Go to the line containing "single static gallery" below; retype it and all following lines exactly, and leave out the pictures.
- - - - -
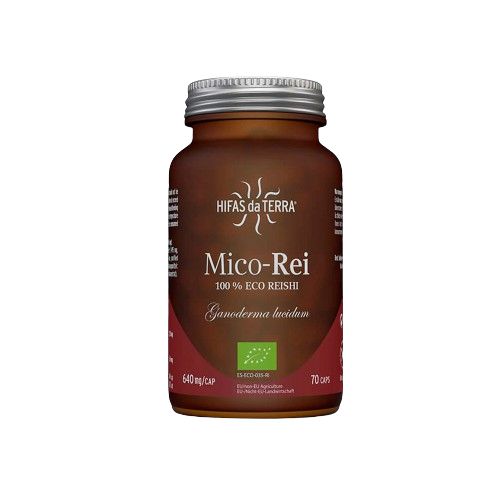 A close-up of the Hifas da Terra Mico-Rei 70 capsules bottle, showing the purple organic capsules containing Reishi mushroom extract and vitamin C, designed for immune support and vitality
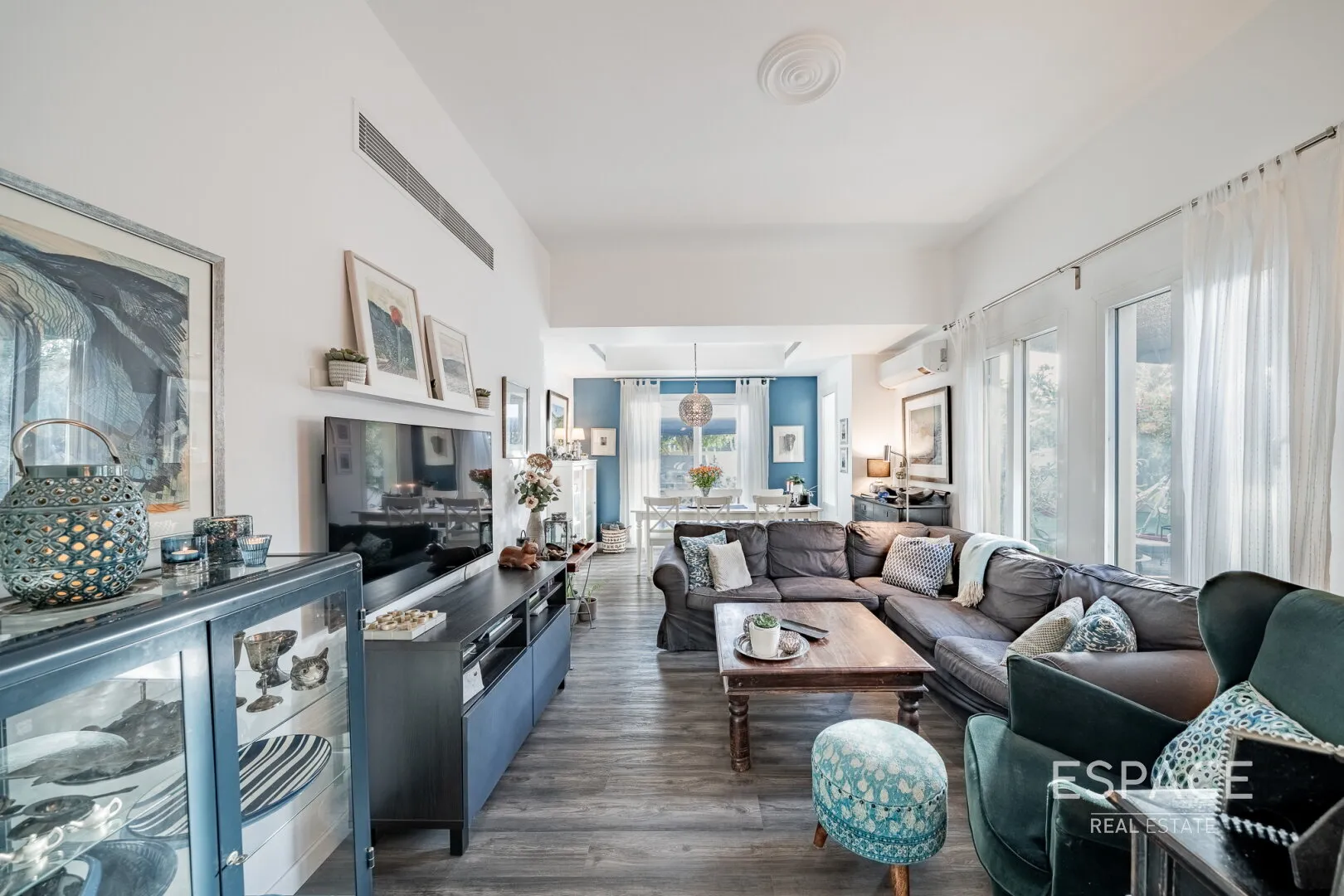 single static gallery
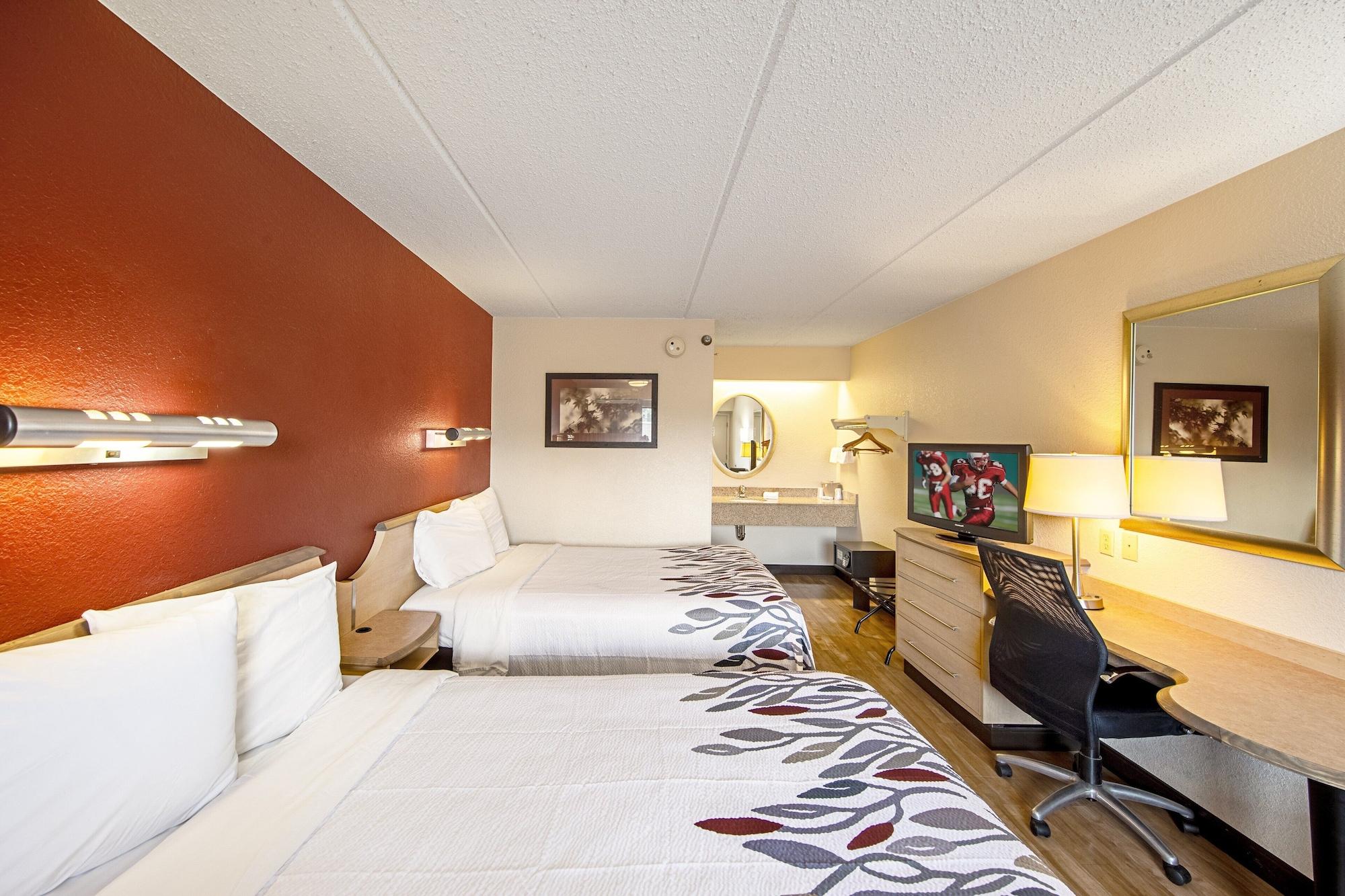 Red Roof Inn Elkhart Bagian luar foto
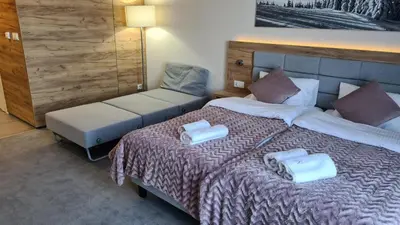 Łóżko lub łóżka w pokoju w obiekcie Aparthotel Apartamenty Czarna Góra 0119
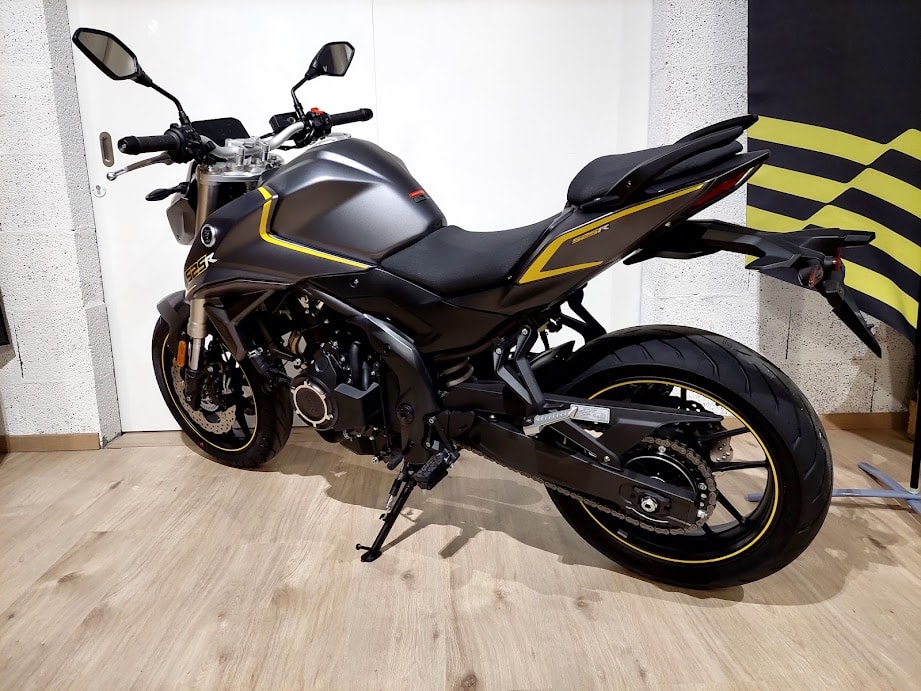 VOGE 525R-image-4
- - - - -
Solution:
 single static gallery
 Red Roof Inn Elkhart Bagian luar foto
 Łóżko lub łóżka w pokoju w obiekcie Aparthotel Apartamenty Czarna Góra 0119
 VOGE 525R-image-4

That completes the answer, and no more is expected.